Your task: Beginning with the line that holds "MISTER BEARD Kick" and finishing with the line that holds "Vintage oval pattern frame in old style. Vector.Vintage", repeat the listing exactly, leaving every picture out.

Input for this task:
====
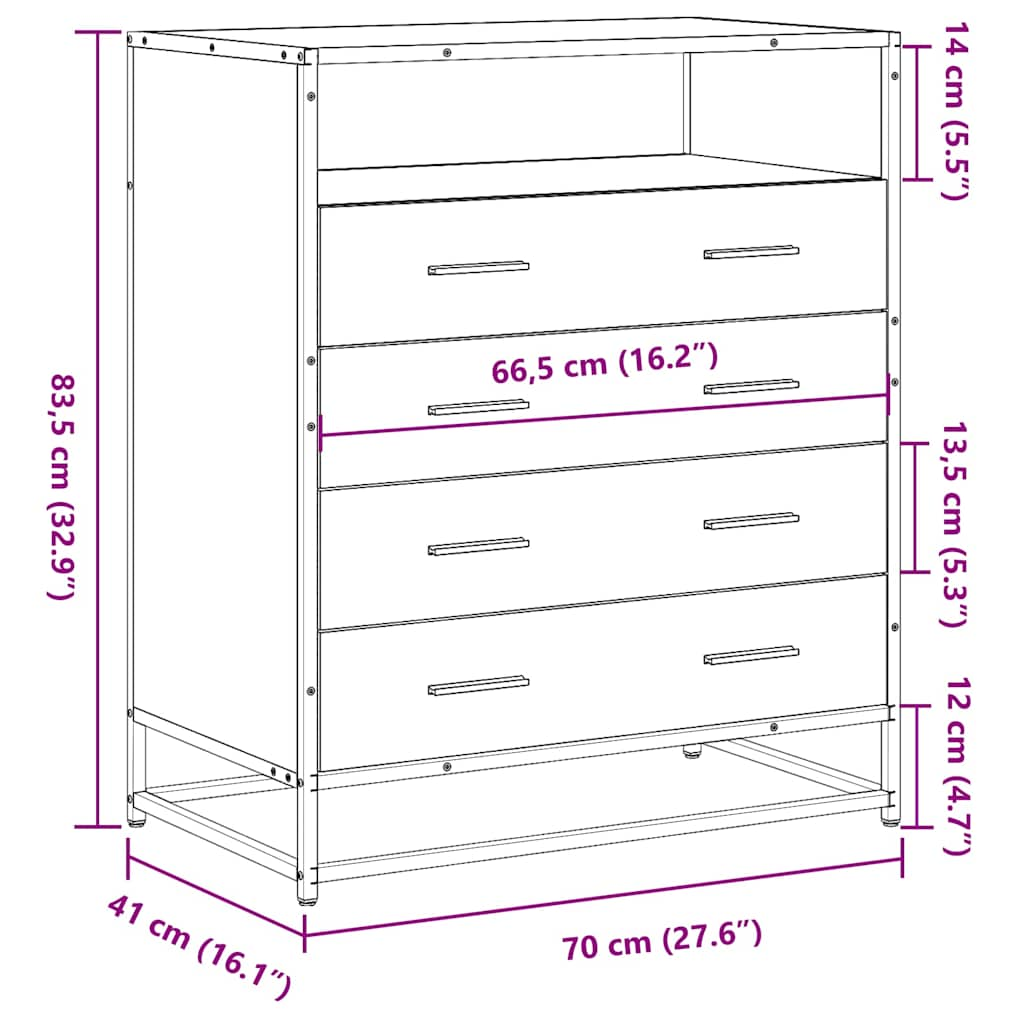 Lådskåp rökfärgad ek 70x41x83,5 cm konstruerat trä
====
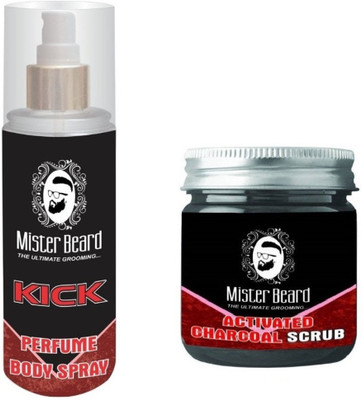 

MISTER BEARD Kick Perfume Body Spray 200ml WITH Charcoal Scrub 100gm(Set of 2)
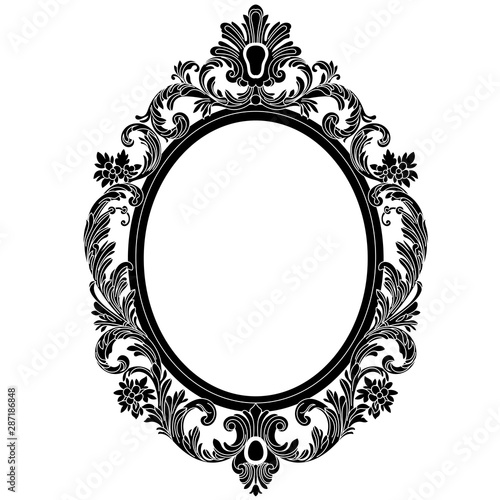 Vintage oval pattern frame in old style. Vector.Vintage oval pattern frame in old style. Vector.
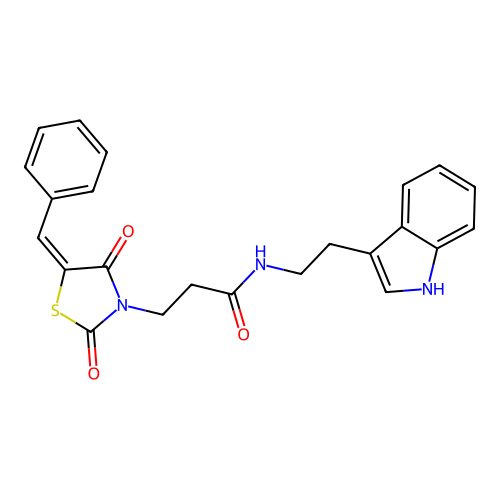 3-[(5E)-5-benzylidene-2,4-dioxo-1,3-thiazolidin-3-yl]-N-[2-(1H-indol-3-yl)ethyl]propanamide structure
====
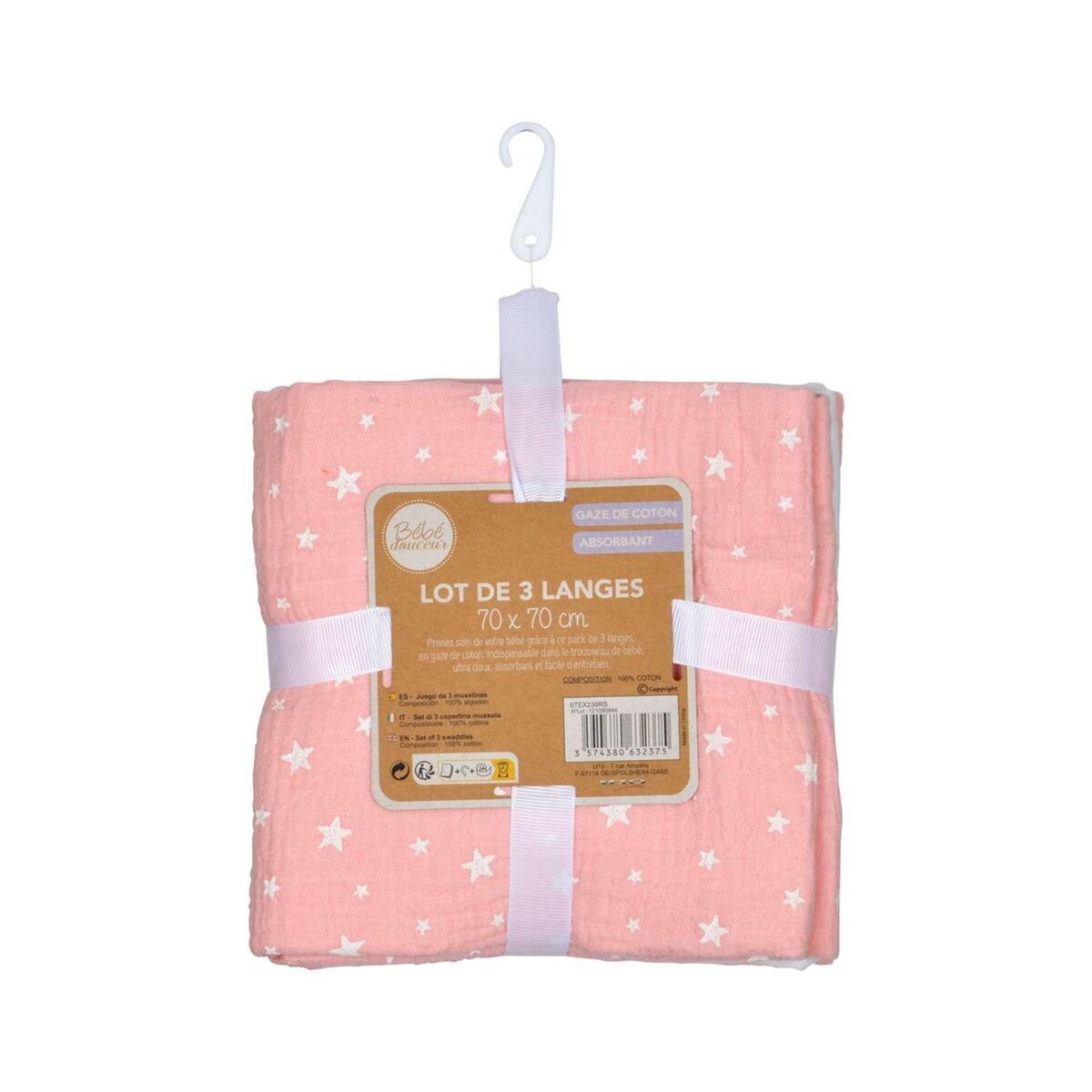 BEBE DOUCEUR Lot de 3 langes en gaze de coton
====
Finished task:
MISTER BEARD Kick Perfume Body Spray 200ml WITH Charcoal Scrub 100gm(Set of 2)
 Vintage oval pattern frame in old style. Vector.Vintage oval pattern frame in old style. Vector.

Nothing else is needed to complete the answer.